Output everything in the data exactly, leaving the pictures out.

> Data shown
.....
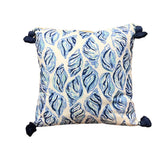 LILLY PULITZER SQUARE OUTDOOR WITH SHELL DESIGN PILLOW BLUE/WHITE 24 X 24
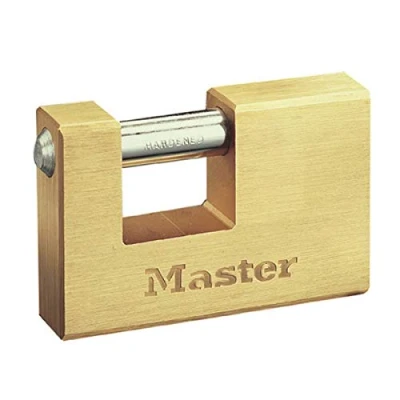 Imagen de Master Lock 607EURD Candado Rectangular con Cuerpo de Latón Macizo a Llaves, Oro, 7,5 x 7,6 1,5 cm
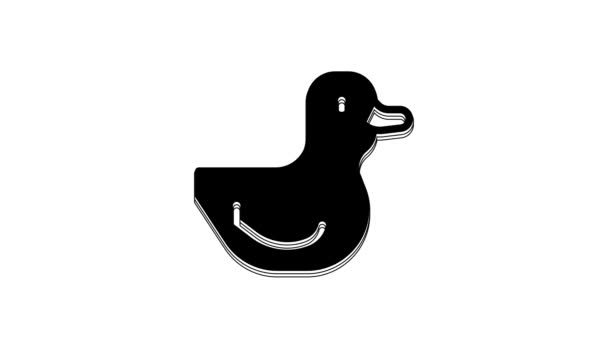Black Rubber Duck Icon Isolated White Background Video Motion Graphic — Stock Video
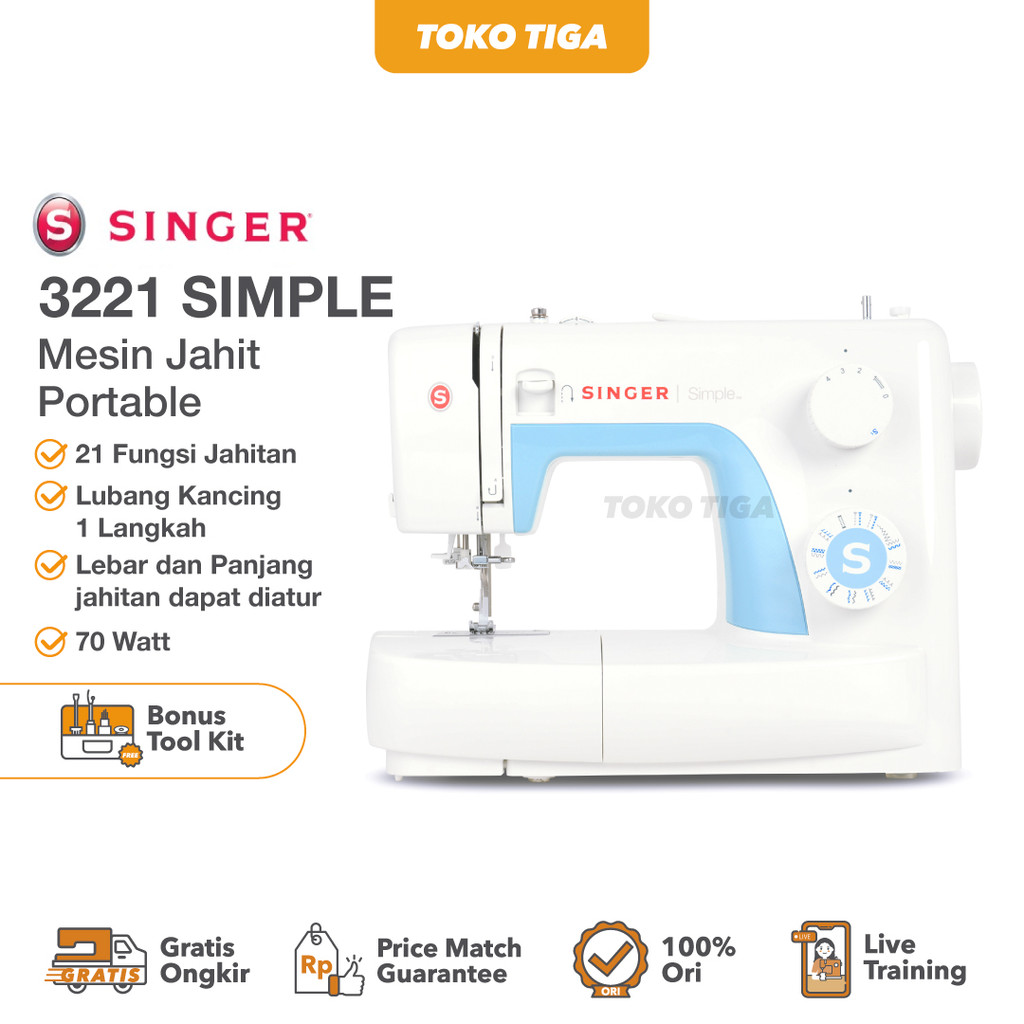 Jual Mesin Jahit SINGER 3221 SIMPLE + BONUS (Portable Multifungsi ...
.....
> Problem solution
 LILLY PULITZER SQUARE OUTDOOR WITH SHELL DESIGN PILLOW BLUE/WHITE 24 X 24
 Imagen de Master Lock 607EURD Candado Rectangular con Cuerpo de Latón Macizo a Llaves, Oro, 7,5 x 7,6 1,5 cm
Black Rubber Duck Icon Isolated White Background Video Motion Graphic — Stock Video
 Jual Mesin Jahit SINGER 3221 SIMPLE + BONUS (Portable Multifungsi ...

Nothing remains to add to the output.